Walmart works closely with suppliers, regulators, industry partners and the research community around the world. In China, it invests heavily in food safety research through the Walmart Food Safety and Collaboration Center and has promoted food safety, both through its own supplier network, as well as working with JD, which has omni-channel food supply chain management experience.
The two have been able to leverage JD's expertise in the application of artificial intelligence (AI), blockchain, big data and other new technologies to protect consumers, said the companies' statement.
Following IBM and Walmart's announcement in August of a new consortium to enhance food safety, this collaboration brings IBM's blockchain food safety expertise to China. IBM, Walmart and Tsinghua University have piloted the use of blockchain to trace food items, including pork in China and mangoes in the US, as they move through the supply chain to store shelves. Recent testing by Walmart showed that applying blockchain reduced the time it took to trace a package of mangoes from the farm to the store from days or weeks to two seconds.
Global advocate for food safety
"As a global advocate for enhanced food safety, Walmart looks forward to deepening our work with IBM, Tsinghua University, JD and others throughout the food supply chain," said Frank Yiannas, vice-president, food safety and health at Walmart.
"Through collaboration, standardisation and adoption of new and innovative technologies, we can effectively improve traceability and transparency and help ensure the global food system remains safe for all.

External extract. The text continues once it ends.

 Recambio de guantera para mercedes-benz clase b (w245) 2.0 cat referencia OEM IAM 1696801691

"Partnering with IBM, Tsinghua University and Walmart, all global leaders in traceability, gives our customers and partner brands unparalleled accountability," said Yongli Yu, president of JD Y, JD.com's supply chain research unit.

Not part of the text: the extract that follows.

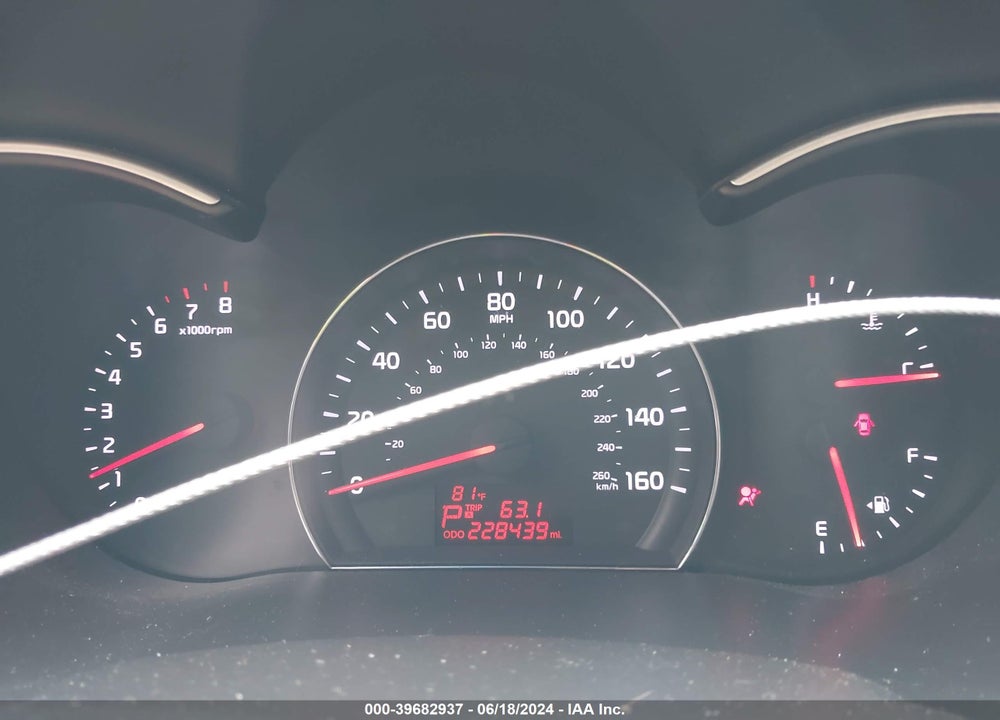 2014 KIA SORENTO LX VIN: 5XYKT3A61EG455767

"Throughout the world, and particularly in China, consumers increasingly want to know how their food is sourced, and JD is dedicated to using technology to promote complete transparency."
Bridget van Kralingen, senior vice-president, IBM Industry Platforms, added: "Blockchain holds incredible promise in delivering the transparency that is needed to help promote food safety across the whole supply chain. This is a fundamental reason why IBM believes so strongly in the impact this technology will have on business models.

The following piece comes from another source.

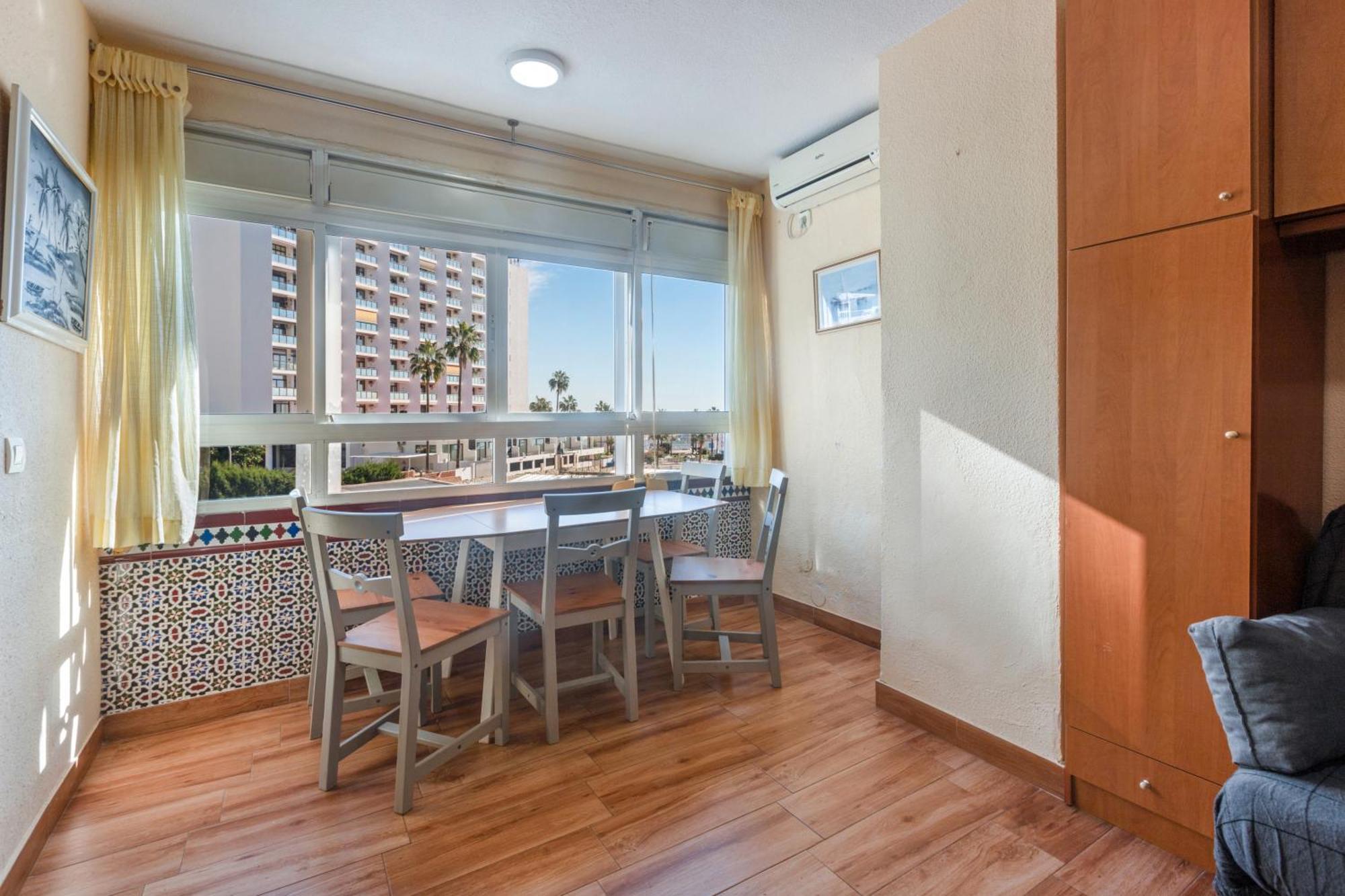 Next To Puerto Marina And The Beach Benalmádena Exterior photo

"By expanding our food safety work with Walmart and Tsinghua University in China and adding new collaborators like JD.com, the technology brings traceability and transparency to a broader network of food supply chain participants."
"Tsinghua University is committed to in-depth research into food safety – one of the most important areas for improving quality of life in China and also around the world," said Professor Yueting Chai of the National Engineering Laboratory for E-Commerce Technologies, Tsinghua University.
"We have already been working with IBM and Walmart to create a new model for food traceability, using blockchain to support supply chain transparency and auditability and we see this new cooperation as an important next step in this endeavour."